Numerous cooling schemes have recently been developed for high-flux heat removal from electronic devices. Each scheme provides specific merits for a particular application. Unlike most recently developed cooling schemes, which seem to target cooling fluxes of about 100 W/cm2, the present invention concerns a cooling scheme that is capable of exceeding 1000 W/cm2 in order to serve electronic, aerospace and defense needs for decades to come.
High liquid coolant flow rates are often needed to meet high-heat-flux cooling requirements, and such flow rates are typically associated with extreme pressure drops, especially when implemented with boiling. However, many of the applications for which the present invention are intended do not use massive liquid pumps or complicated coolant conditioning loops. What is therefore needed for these applications is a cooling system that is capable of meeting the intense cooling demands, but requires low flow rates and low to moderate pressure drops.
Due to the liquid motion, significant bubble coalescence can occur over a multi-device module as illustrated in FIG. 1A. This is especially the case where a saturated liquid coolant 1 is used, i.e., where the liquid is supplied at the boiling temperature. As illustrated in FIG. 1A, gradual stream-wise bubble coalescence can result in appreciable thickening of a vapor layer 2 along the surfaces of the devices 3. This phenomenon can trigger CHF prematurely on downstream devices.

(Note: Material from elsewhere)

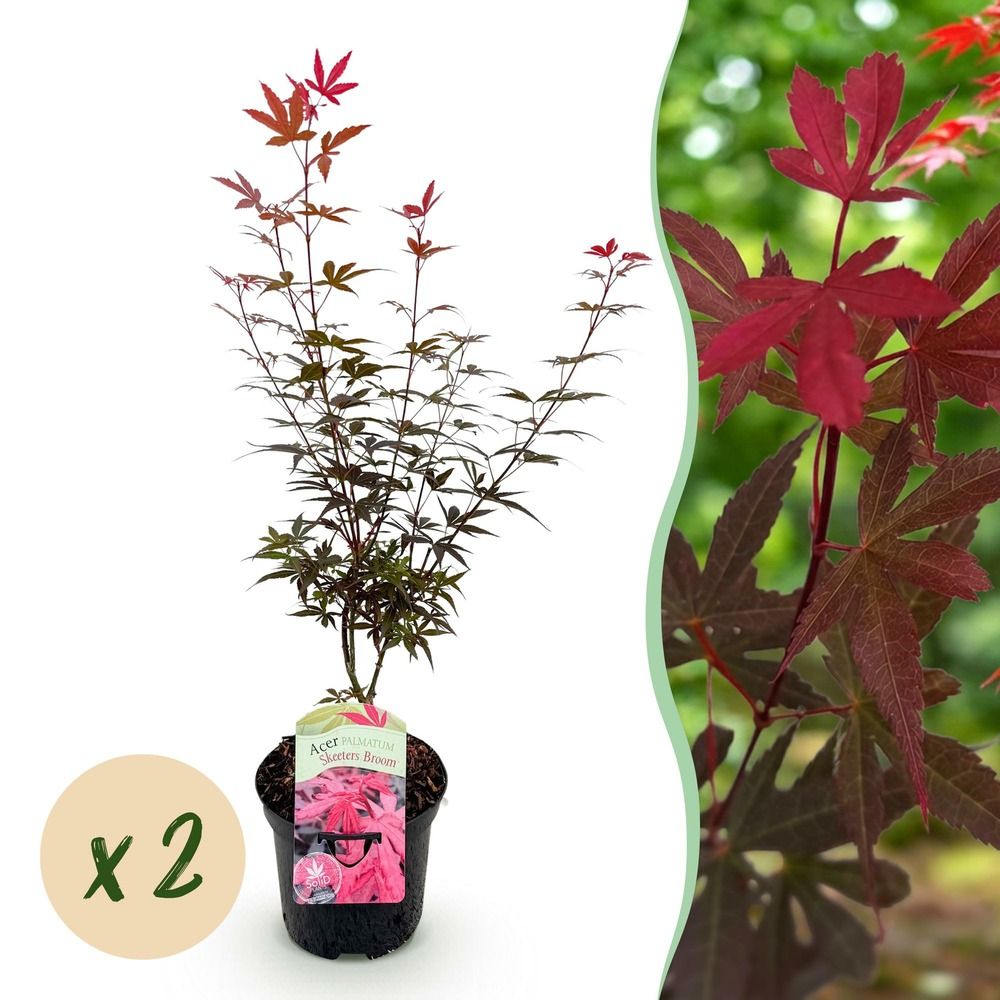 Érable du japon 'skeeter's broom' - lot de 2 - pot 19 cm - hauteur 70 cm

These problems can be alleviated by subcooling the liquid, i.e., by supplying it at a temperature much lower than the boiling temperature. Subcooled flow is categorically different from saturated flow in all stages of the vapor layer development. As shown in FIG. 1B, a highly subcooled liquid 4 may result in complete condensation of vapor bubbles 2 back into liquid state only a short distance downstream of the device from which the bubbles are generated. Thus, subcooled flow takes full advantage of nucleate boiling while ensuring the coolant would exit the cooling module in liquid state.

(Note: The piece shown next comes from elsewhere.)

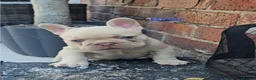 French Bulldog dogs for sale: ⭐️KC Reg⭐️Isabella & tan/liliac fawn ❤️ 🐾 - Advert 9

The coolant exiting the cooling module is typically returned to the module at the desired temperature, pressure and flow rate with the aid of an external coolant conditioning loop. The presence of vapor at the module exit can complicate the operation of the conditioning loop. Thus, by completely condensing the vapor before exiting the module, subcooled flow would require a relatively simple liquid loop to condition the coolant external to the module.
Another important advantage of subcooled flow is that the rapid condensation of bubbles maintains liquid access to the device surface during intense heat removal. This a powerful means for delaying CHF, i.e., allowing larger heat removal rates than with saturated flow.
CHF is the upper design limit for most cooling systems that employ boiling. Exceeding this limit can result in permanent device damage or burnout. Adopting methods that delay (i.e., increase) CHF amounts to extending the nucleate boiling regime to accommodate higher heat removal rates.
Published studies point to (1) increasing liquid velocity, (2) increasing subcooling, and/or (3) surface enhancement (i.e., incorporating surface fins) as three effective methods for delaying CHF. However, delaying CHF is sometimes realized with cooling system penalties. For example, large liquid velocities require large flow rates and produce large pressure drops. These will both require a large pump and increase the size and weight of the coolant conditioning loop. As indicated above, practical considerations in many of the applications of the invention are intended for favor compact, lightweight components, hence the need to avoid large flow rates or excessive pressure drops.